Maybe you’ve noticed that the number of books I’ve read so far in no way approaches the number of reviews I write. The fact is, when you read a lot of books, you just don’t have a strong reaction to all of them, because most books are only okay. Still other books are objectively good, but not provoking to me personally. And then some, like the ones I write capsule reviews about, are ones that I have a mere blip of a reaction to, enough to to write about but not at length. That, or my feelings about them are very simple and don’t require much explanation.

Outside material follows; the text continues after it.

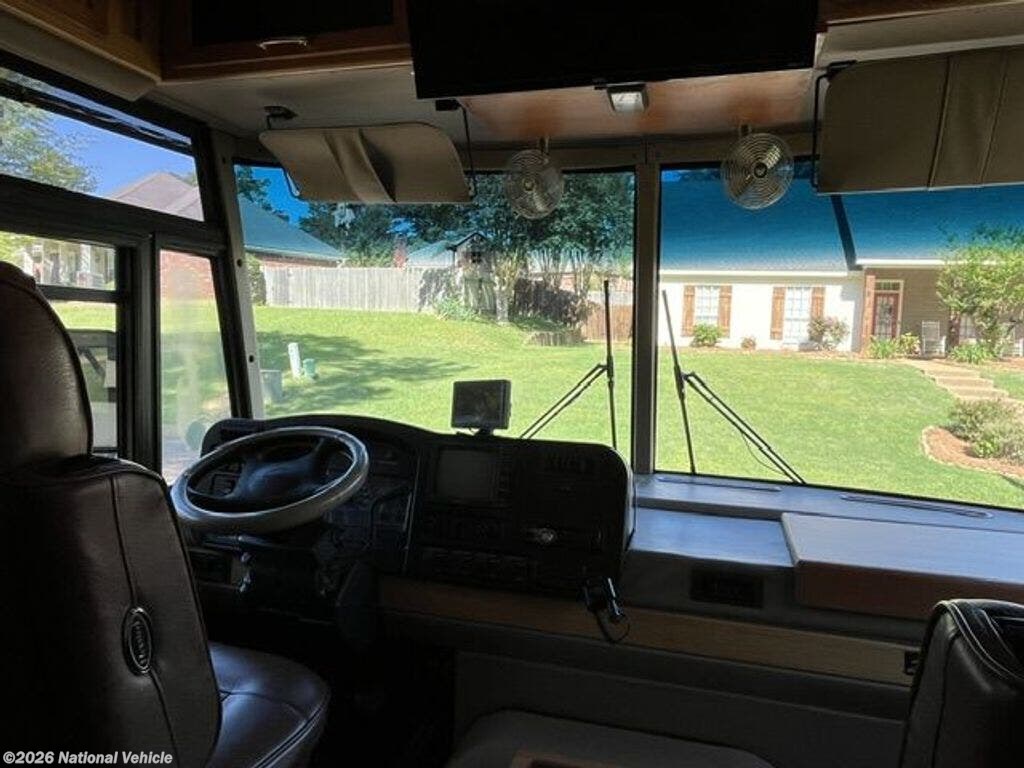 Used 2001 Winnebago Suncruiser Itasca  35U available in Brandon, Mississippi
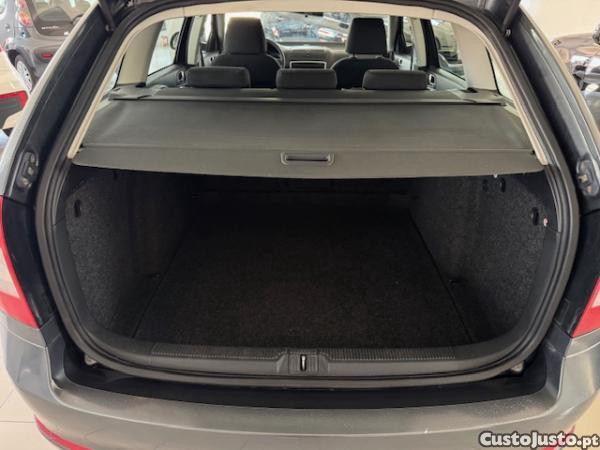 Skoda Octavia break 1.6 TDI GREENLINE — fotografia 4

For example, Hugh Howey’s finale to his excellent Silo series, which began in 2011 with a series of shorter works that were compiled into Wool. This finale, Dust, is one I suspect most fans will not find cause to complain about, because it gives the reader just about everything she could want. It’s a recurrent fault of Howey’s that he also tends to give the reader quite a bit more than she might want. Fans will be very satisfied with the attention given to Juliette, Solo, and Donald’s stories (and sidebar, it was an interesting experience to see Donald become the most interesting character in the series considering Juliette’s blazing debut in Wool), but perhaps stymied by the energy wasted on several characters, some of whom are new to the story and serve essentially as plot devices.
Another detractor is, ironically, Howey’s rich imagination and ability to create a layered world. He can’t seem to help himself when it comes to showing the reader as much of this world as he possibly can, even when a more streamlined approach would benefit his book more. But this is really a quibble. If you liked the rest of the series, you’ll be pleased with Dust, not least because it gives an actual sense of finality, unlike so many other abrupt or ambiguous or out-of-left-field endings.

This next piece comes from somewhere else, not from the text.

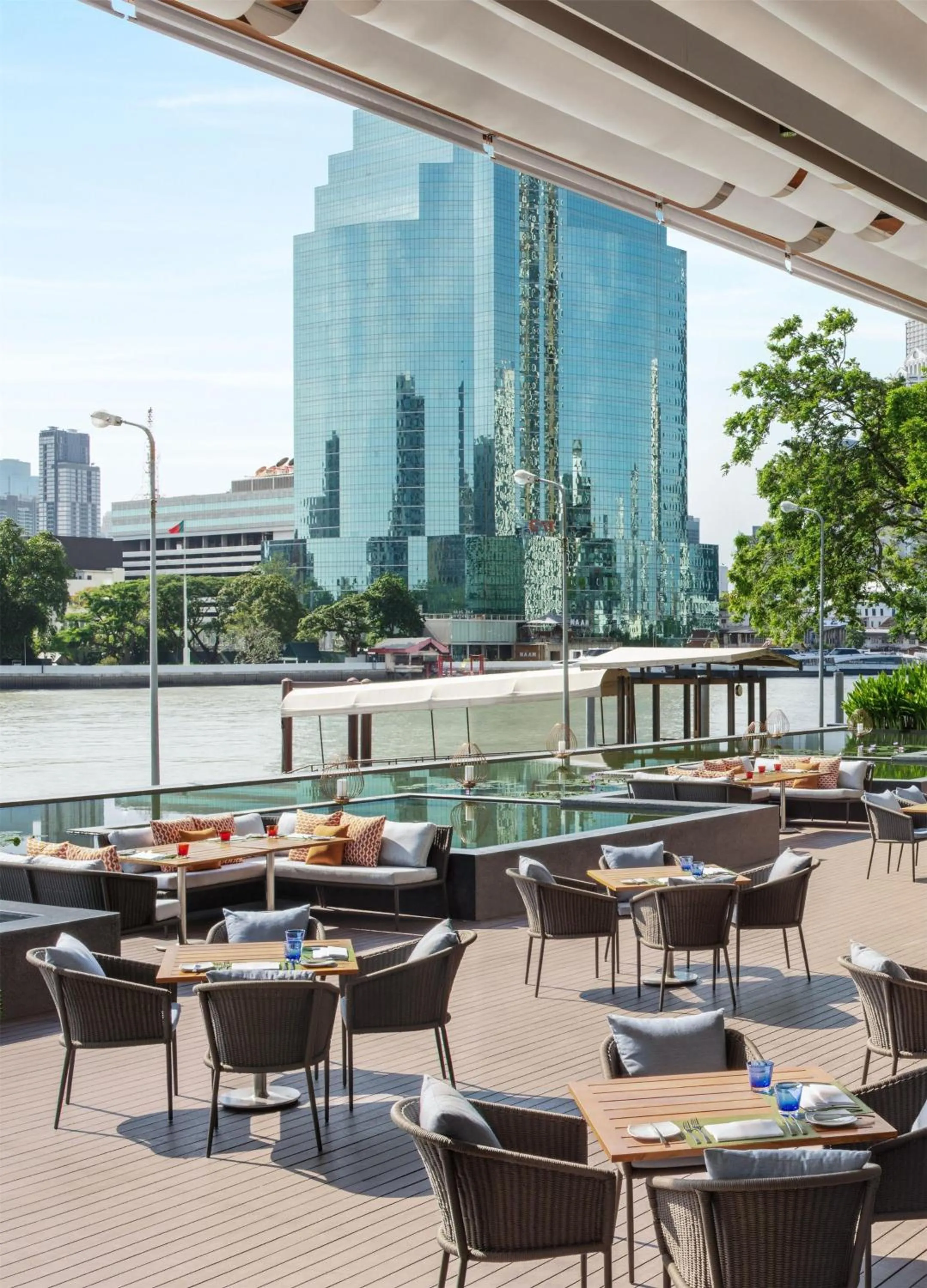 Restaurant/places to eat in Millennium Hilton Bangkok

Another note about 2013: it must be the year in which I have read the most books that have made me cry in public. Most recently, I was crying at my desk during my lunch break while finishing Julian Barnes’ Levels of Life. It’s a very short (200 pages about, I think) series of three essays, the last of which discusses Barnes’ grief in the aftermath of his wife’s death. This is an example of a book I had a very uncomplicated reaction to. It’s a beautiful writer describing things beautifully. You don’t read such a book to criticize its technical shortcomings; you read it because you know the author has the power to make you feel something real. I suppose for the sake of comparison, I’ll add that his Booker prize-winning The Sense of an Ending was a superior piece of literature, but we’re talking about ranking works that all reside in the same supreme tier. Just let the prose wash over you and alter your consciousness. You’ll wake up two hours later heartbroken and not knowing quite where you are, which sounds like a bad LSD trip, but trust me, it’s worth it.
This one goes into the “Reactional Blip” pile. It’s enjoyable and a page-turner for sure, but somehow unsatisfying. It’s being compared to both Room and Before I Go to Sleep, but I would add that it also draws influence from Charlotte Perkins Gilman’s “The Yellow Wallpaper”. Protagonist Marta Bjornstad spends her days cleaning her already spotless house and waiting for her husband, Hector, to come home from teaching his university courses. But lately, she hasn’t been taking her pills, and she’s starting to see things: a little girl in a dirty nightgown. Strands of blonde hair in the trashcan, though her own hair is brown. We quickly realize that we and Marta are both unsure whether she is more sane off her pills than on them.
Anyway, it has the suspense of Room without that book’s more novel technical execution, and a similar message to “The Yellow Wallpaper” without any additional complexity or depth to account for the 100+ years since Gilman’s story was first published. Of the three, it’s most like Before I Go to Sleep, in both its good and flawed aspects, which is to say that it’s well written and lots of fun, but some of the main character’s actions are illogical and the ending could use a bit more work. It is one of the few books I’ve read in which sustained present-tense narration actually makes sense. And you’ll read it in a few hours, so even if you don’t like it you won’t have wasted much time! But if you enjoyed its predecessors, you’ll likely have some fun with How to Be a Good Wife.